REQUIREMENT: Write out again, exactly, the lines below starting at the one with "婴儿，男孩，微笑，叶子，秋季，黄色，儿童，性质" and ending at the one with "Avstralijo ob požarih".

START DATASET RECORDS

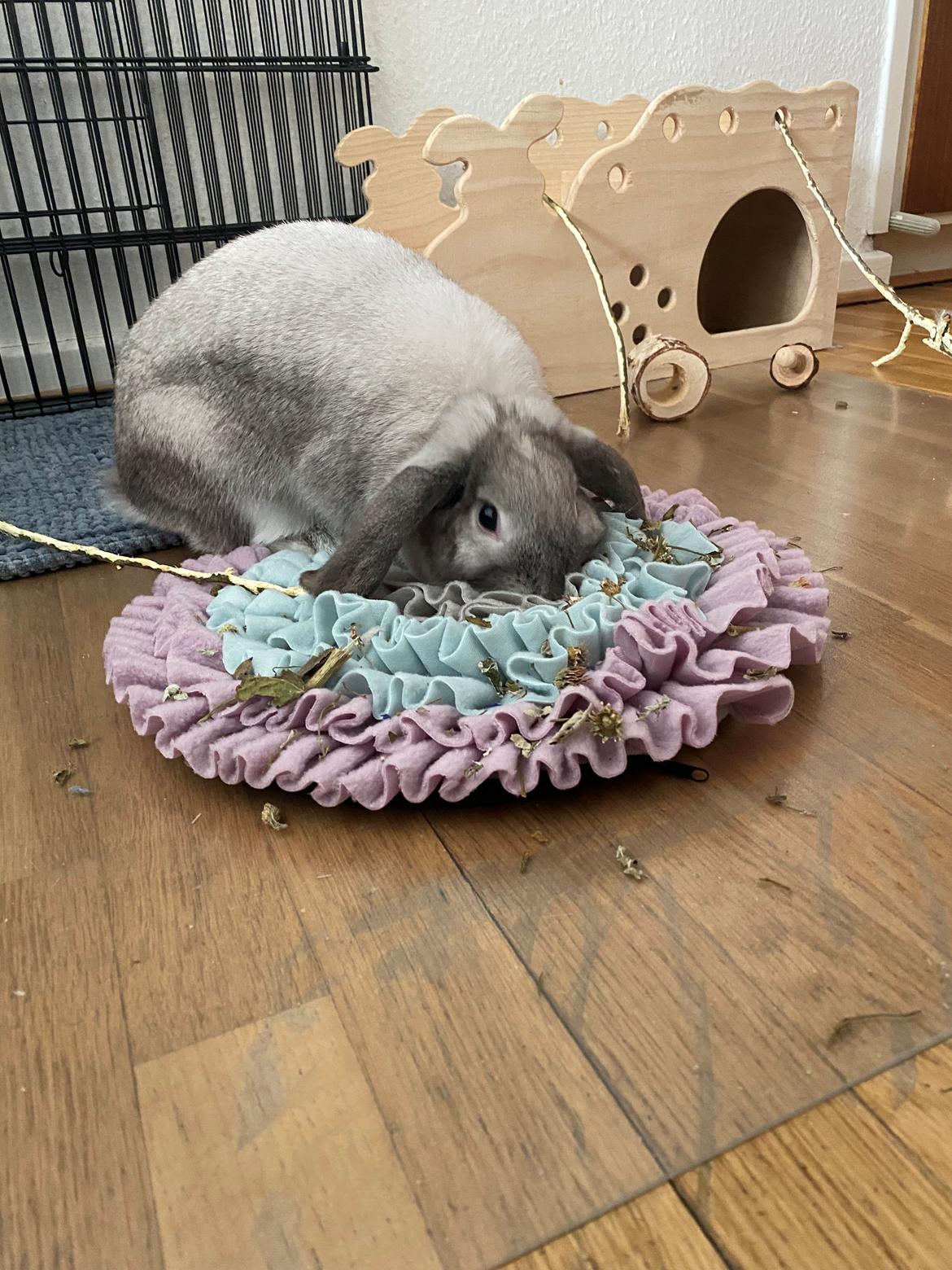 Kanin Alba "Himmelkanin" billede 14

END DATASET RECORDS
START DATASET RECORDS

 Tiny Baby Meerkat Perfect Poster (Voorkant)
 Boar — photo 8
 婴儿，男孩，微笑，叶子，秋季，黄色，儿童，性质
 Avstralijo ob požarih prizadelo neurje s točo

END DATASET RECORDS

ANSWER TO THIS TASK:
 婴儿，男孩，微笑，叶子，秋季，黄色，儿童，性质
 Avstralijo ob požarih prizadelo neurje s točo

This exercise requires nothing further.